Are you saying that you want the numeric entries to come after the alphabetic entries?

Suzanne


Not that I know the answer, but to make sure this is clear...sounds like it's doing an alpha order versus a numerical sort. Correct?

Bryon,

What markup is used for index entries?

Suzanne


<indexterm><index-sort-as>001234</index-sort-as>1234</indexterm>1234 is what our index markup looks like, It was by your suggestion to add the index-sort-as element inorder to get the index to initially format correctly. Now I am looking at numbers more than six digits, and the index does not seem to handle those correctly placing the seven digit numbers before a six digit.



Thanks for your help



Bryon

Thanks! What is the FOSI code?

Suzanne


How do I find that? We are using a customized stylesheet in AE 6.0

Thanks

Bryon

In the ASCII file (ends with a .fos extension), search for:

gi="indexterm"

and copy the markup that surrounds it starting with

<e-i-c gi="indexterm">

and ending with:

</e--i-c>

Do the same for:

gi="index-sort-as"


If more than one e-i-c is coded for these elements, copy them as well.

Suzanne


See the attached image for the fos files I have in my application. Have opened and searched all of them and there is no reference to index in them.



Thanks



Bryon

Bryon,

Open the document (.sgm or .xml file) in an ASCII and look for a processing instruction similar to the following:




The href attribute specifies the FOSI to use.

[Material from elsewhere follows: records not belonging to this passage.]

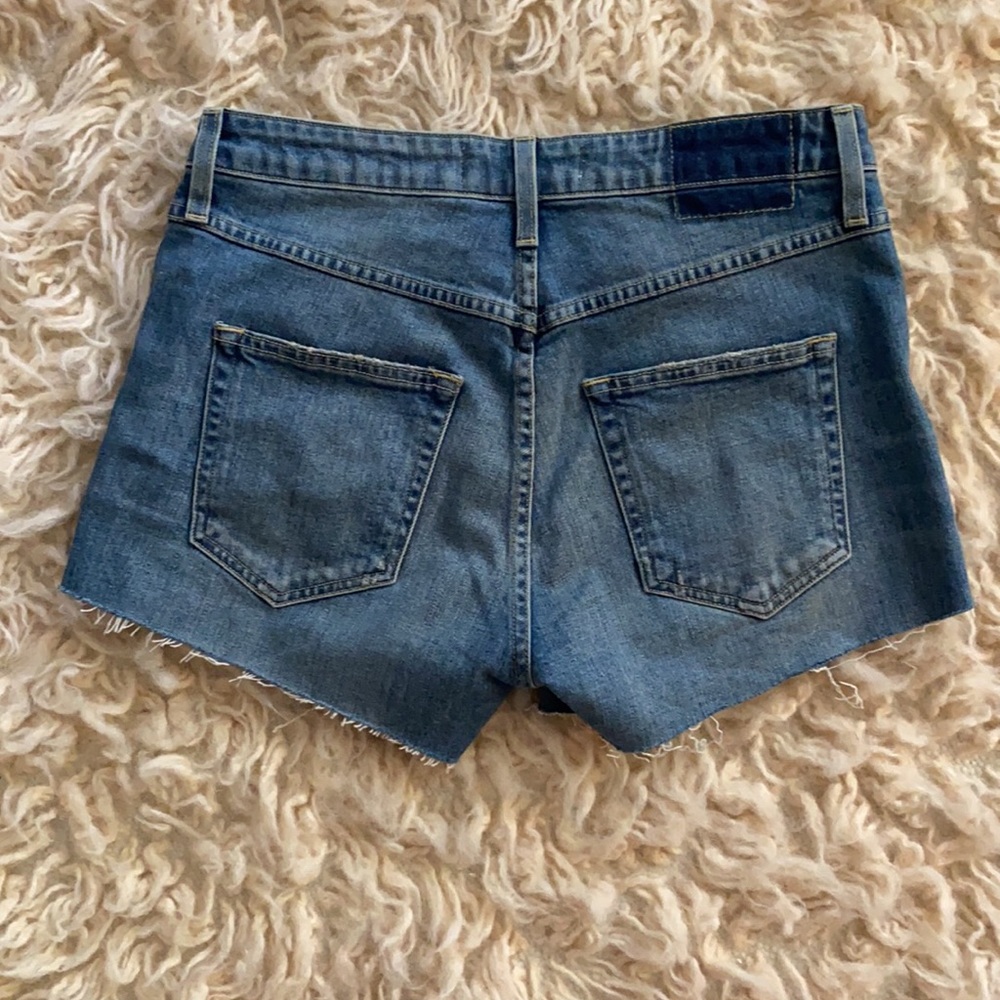 AMO Rosebowl high rise shorts - BUNDLE ME! - Picture 3 of 4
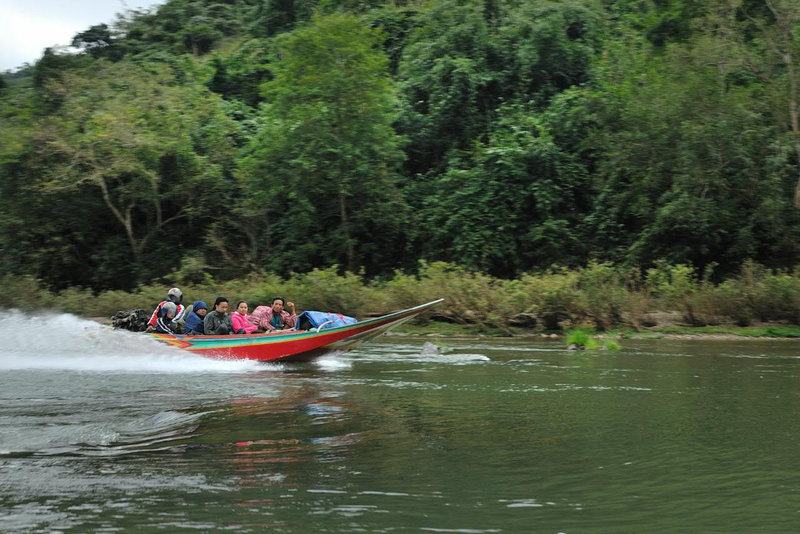 Oncoming high speed boat on the Nam Ou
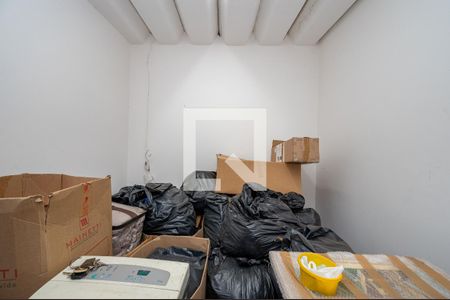 Casa à venda com 210m², 4 quartos e 2 vagasQuarto de Serviço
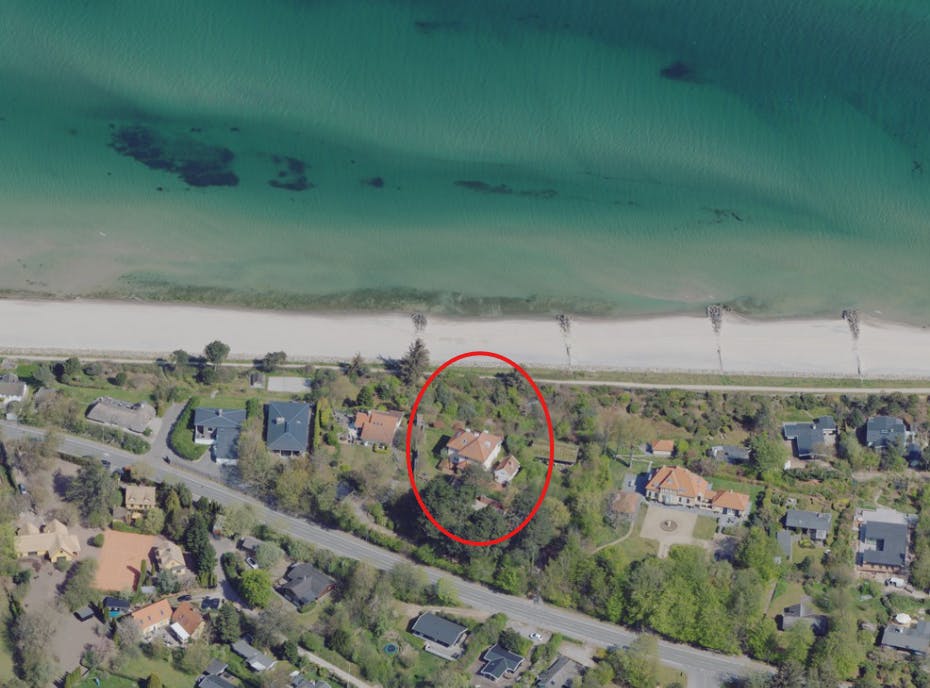 Udsigten må siges at være i top for sommerhuset, der har udsigt over Kattegat - og desuden er omgivet af en mur lavet af Per Kirkeby.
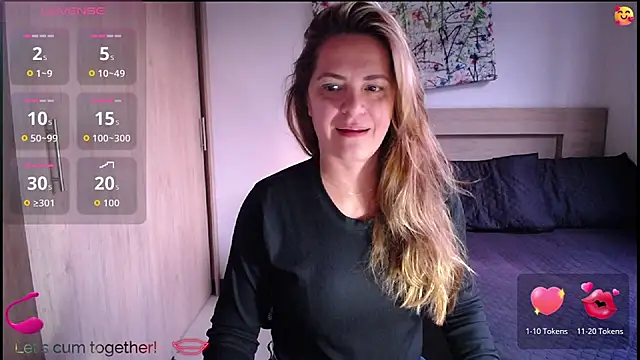 Snapshot of ParisW chatting on October 8, 2025, 10:32 pm ParisW online show from October 8, 2025, 10:32 pm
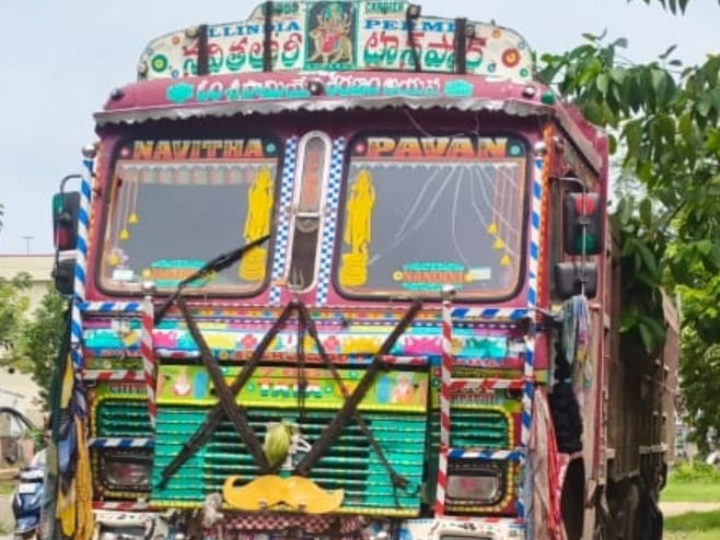 ‘అక్రమార్కులపై చర్యలు తీసుకోవాలి’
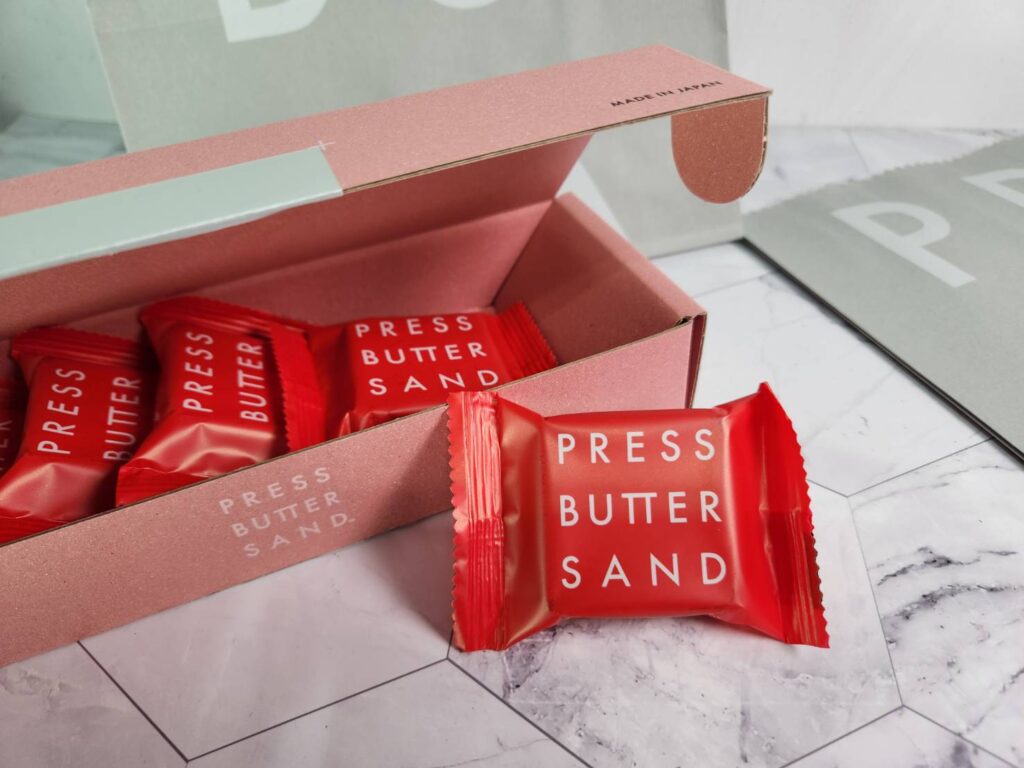 日本必買伴手禮∣台灣門市也可買到甜點藝術品PRESS BUTTER SAND焦糖奶油夾心餅乾，巧克力與草莓口味精緻高雅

We are using the default index that is with Editor, when doing our parts catalog, almost all the data in it is numbers. The problem is that Editor does not sort numbers by value. Suzanne initially solved my dilemma by informing us to use the sort-as element and add zeros to make them six digits long then everything formatted correctly in the index. While writing this it made me think why can I not just add another zero to make it seven characters long and it will format correctly. And it seems to work just fine. Thanks for steering me in the right direction.